Required work:
Write out the whole listing exactly.

Information provided:
————————
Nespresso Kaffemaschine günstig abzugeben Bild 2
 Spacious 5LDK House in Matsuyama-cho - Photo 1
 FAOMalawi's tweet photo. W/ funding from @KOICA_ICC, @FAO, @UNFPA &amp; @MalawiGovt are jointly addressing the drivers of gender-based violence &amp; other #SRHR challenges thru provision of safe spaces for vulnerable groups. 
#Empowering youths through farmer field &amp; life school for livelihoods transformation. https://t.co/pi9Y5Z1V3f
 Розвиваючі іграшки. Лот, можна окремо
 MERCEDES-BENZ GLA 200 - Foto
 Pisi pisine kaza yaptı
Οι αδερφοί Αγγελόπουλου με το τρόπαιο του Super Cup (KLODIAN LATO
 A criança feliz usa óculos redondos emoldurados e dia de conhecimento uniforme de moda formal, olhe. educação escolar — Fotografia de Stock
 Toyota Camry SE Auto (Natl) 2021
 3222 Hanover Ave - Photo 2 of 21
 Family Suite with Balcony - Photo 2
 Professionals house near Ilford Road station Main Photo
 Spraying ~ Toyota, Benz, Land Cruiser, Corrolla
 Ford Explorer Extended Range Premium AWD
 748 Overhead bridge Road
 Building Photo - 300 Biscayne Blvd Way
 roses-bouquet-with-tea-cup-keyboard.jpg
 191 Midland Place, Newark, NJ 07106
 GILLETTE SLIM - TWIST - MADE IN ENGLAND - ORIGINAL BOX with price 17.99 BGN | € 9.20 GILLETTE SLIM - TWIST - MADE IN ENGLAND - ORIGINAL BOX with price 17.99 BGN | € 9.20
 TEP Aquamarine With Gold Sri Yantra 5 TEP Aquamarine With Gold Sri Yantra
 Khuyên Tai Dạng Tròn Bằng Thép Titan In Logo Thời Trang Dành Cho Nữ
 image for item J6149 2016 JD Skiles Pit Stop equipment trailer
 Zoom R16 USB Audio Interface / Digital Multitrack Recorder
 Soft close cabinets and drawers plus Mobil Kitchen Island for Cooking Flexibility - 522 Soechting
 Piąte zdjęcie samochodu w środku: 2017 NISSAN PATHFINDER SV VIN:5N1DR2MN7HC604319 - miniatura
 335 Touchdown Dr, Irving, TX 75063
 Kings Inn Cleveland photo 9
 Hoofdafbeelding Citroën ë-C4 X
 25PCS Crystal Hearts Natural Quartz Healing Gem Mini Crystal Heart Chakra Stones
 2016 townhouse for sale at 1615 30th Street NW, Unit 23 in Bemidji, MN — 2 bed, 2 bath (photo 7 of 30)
————————
Exercise answer:
Nespresso Kaffemaschine günstig abzugeben Bild 2
 Spacious 5LDK House in Matsuyama-cho - Photo 1
 FAOMalawi's tweet photo. W/ funding from @KOICA_ICC, @FAO, @UNFPA &amp; @MalawiGovt are jointly addressing the drivers of gender-based violence &amp; other #SRHR challenges thru provision of safe spaces for vulnerable groups. 
#Empowering youths through farmer field &amp; life school for livelihoods transformation. https://t.co/pi9Y5Z1V3f
 Розвиваючі іграшки. Лот, можна окремо
 MERCEDES-BENZ GLA 200 - Foto
 Pisi pisine kaza yaptı
Οι αδερφοί Αγγελόπουλου με το τρόπαιο του Super Cup (KLODIAN LATO
 A criança feliz usa óculos redondos emoldurados e dia de conhecimento uniforme de moda formal, olhe. educação escolar — Fotografia de Stock
 Toyota Camry SE Auto (Natl) 2021
 3222 Hanover Ave - Photo 2 of 21
 Family Suite with Balcony - Photo 2
 Professionals house near Ilford Road station Main Photo
 Spraying ~ Toyota, Benz, Land Cruiser, Corrolla
 Ford Explorer Extended Range Premium AWD
 748 Overhead bridge Road
 Building Photo - 300 Biscayne Blvd Way
 roses-bouquet-with-tea-cup-keyboard.jpg
 191 Midland Place, Newark, NJ 07106
 GILLETTE SLIM - TWIST - MADE IN ENGLAND - ORIGINAL BOX with price 17.99 BGN | € 9.20 GILLETTE SLIM - TWIST - MADE IN ENGLAND - ORIGINAL BOX with price 17.99 BGN | € 9.20
 TEP Aquamarine With Gold Sri Yantra 5 TEP Aquamarine With Gold Sri Yantra
 Khuyên Tai Dạng Tròn Bằng Thép Titan In Logo Thời Trang Dành Cho Nữ
 image for item J6149 2016 JD Skiles Pit Stop equipment trailer
 Zoom R16 USB Audio Interface / Digital Multitrack Recorder
 Soft close cabinets and drawers plus Mobil Kitchen Island for Cooking Flexibility - 522 Soechting
 Piąte zdjęcie samochodu w środku: 2017 NISSAN PATHFINDER SV VIN:5N1DR2MN7HC604319 - miniatura
 335 Touchdown Dr, Irving, TX 75063
 Kings Inn Cleveland photo 9
 Hoofdafbeelding Citroën ë-C4 X
 25PCS Crystal Hearts Natural Quartz Healing Gem Mini Crystal Heart Chakra Stones
 2016 townhouse for sale at 1615 30th Street NW, Unit 23 in Bemidji, MN — 2 bed, 2 bath (photo 7 of 30)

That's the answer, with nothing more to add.